Kelsea couldn't get the memory of the Priestess' eyes out of her mind. Even as she ran between the curling unearthly fog, flanked on either side by tombstones taller than her head. Even as she ducked between a cleft that separated two entwined grave markers like the coiling spiral of interlaced vines. Even as she listened to the sounds of monsters making war upon mankind, and smelled the pungent stench of burning flesh and acrid smoke hanging in the air all around. Despite the madness that surrounded her, it was all she could think about.

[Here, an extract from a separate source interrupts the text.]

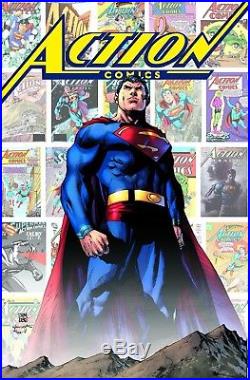 Action Comics Superman comic #1000 Variant lot PRE SALE 10 Books TOTAL! L@@K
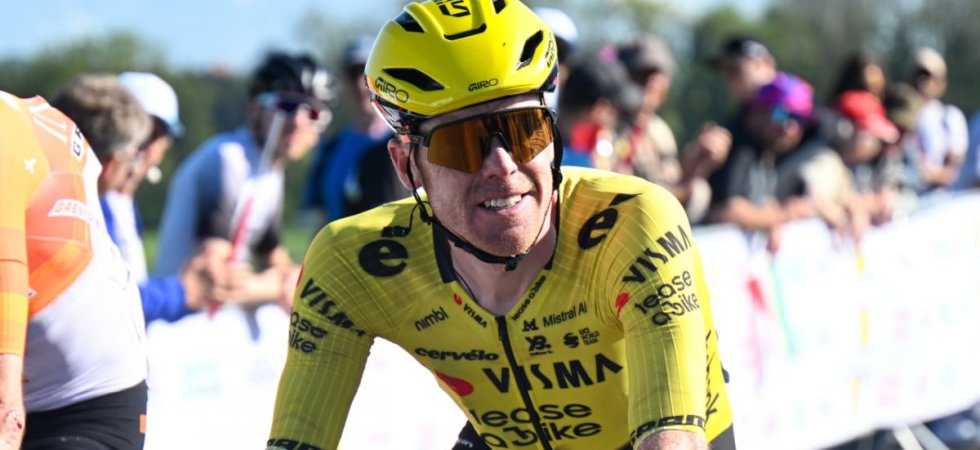 Visma Lease a Bike : Bientôt la retraite pour Kruijswijk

The Succubus could visualize their copper hue, could picture the sharpness of her gaze, the hidden warmth reserved behind a screen of caustic disdain. Just thinking about it made her inner need rise.The woman whose humanity was a mere false facsimile could feel the heavy blush upon her face, the trembling shudder in her inner thighs, the burning heat of her nethers and eternal wetness that lay between her legs.
"I am putting my faith in you." Almyra had said. Such words, coming from a woman of the cloth, meant more to Kelsea than almost anything else in the world... save, perhaps three carefully chosen words that Roland had yet to utter.
Kelsea shook her head from side to side, cursing her wayward mind for dwelling on such trivial things in this dire moment. She had enough to worry about without picturing the way those astounding orbs looked when locked upon her own. Kelsea wanted to debase herself before her, to surrender her body to the gentle benediction of this woman whom she worshipped like the God she served-
"
Stop
." She commanded the darkest part of herself, grabbing a handful of her right thigh and digging into it hard with her fingernails, drawing blood through the fabric of her pants. Nothing seemed capable of halting her profane concupiscence, nor assuage her boundless arousal. Sprinting through the Cloister graveyard she shivered as she felt the biting anguish of her fingernails. Even pain was pleasure; Kelsea knew firsthand that mere physical torment was not at all an impediment to a Demon's carnal delight. If anything, it enhanced it.
There was cackling in the distance. Like prey noticing the sound of an approaching carnivore her head snapped to the right, peering through the inscrutable mists as she came up short in front of a few, ancient mausoleums. They seemed older, more weather worn and corroded compared to the stones all around. Their designs were boxy: sharp angled and severe. Judging from their size they did not seem to have been built to house humans within them. Kelsea noticed that their stonework was the same, pale white as that of the Inner Cloister's crumbling, stone walls.
Impish laughter carried through the night. There was a sudden, harsh scream, and Kelsea could hear farther away the shouting of men and the sound of battle. In the far distance, blue lights rose beyond the opposite side of the Inner Cloister's circular walls. They arrived from the same direction whence she had abandoned her lover, near the charred remains of the wall the hitherto unseen other Succubus had smashed a hole in. Kelsea bit her lip.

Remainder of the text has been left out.